So, for anyone with any First Amendment law experience, is it legal to restrict employees' personal writings? Like dogmatic, I work for a big news organization. In our manual covering standards, practices, and conflicts of interest, it says that any employees wishing to publish personal writings must get permission from our Ethics Committee (VP-level+ people...real brass) in advance. "This includes writings on any subject, or the publication of photos or other materials." So, I guess, what I'm doing right now is wrong. Anything I may have written in an online guestbook, blog, or any pictures I may have posted online could concievably get me in trouble.
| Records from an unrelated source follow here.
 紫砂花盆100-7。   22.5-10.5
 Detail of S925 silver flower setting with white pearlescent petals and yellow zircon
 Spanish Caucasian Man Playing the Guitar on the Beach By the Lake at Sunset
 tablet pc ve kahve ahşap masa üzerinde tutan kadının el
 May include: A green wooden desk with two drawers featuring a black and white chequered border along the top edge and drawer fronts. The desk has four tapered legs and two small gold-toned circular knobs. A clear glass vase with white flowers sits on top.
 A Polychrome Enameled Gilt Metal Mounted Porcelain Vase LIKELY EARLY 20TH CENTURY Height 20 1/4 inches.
How common is this? Is this defensible? I can certainly understand wanting to avoid the appearance of a conflict of interest, or restricting employees' writings about the company, the competitors, or the industry...but ANY and ALL writing?
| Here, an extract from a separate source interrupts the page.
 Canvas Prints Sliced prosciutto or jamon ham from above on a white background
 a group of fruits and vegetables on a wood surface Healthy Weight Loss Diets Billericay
oh, and if you work where I do, all of the above is purely hypothetical.
posted by Vidiot at 8:45 PM on December 19, 2002


I'd talk to a lawyer, Vidiot. Since you work for a news organization, there might be copyright issues in addition to First Amendment issues. That is, they might be claiming that anything you write during your employment is a work-for-hire and belongs to them.

In general, I'm with anildash on this. If you wouldn't say it standing on the sidewalk outside the building where you work, don't post it on the Internet.

Of course, that's easy for me to say. I work for myself.
posted by kewms at 9:30 PM on December 19, 2002


Vidiot: Okay, you've crossed the line! In my office, NOW!!
posted by wackybrit at 1:02 AM on December 20, 2002


« Older Senator Says State Sponsor of Sept 11th   |   Polyhedra Polymath Newer »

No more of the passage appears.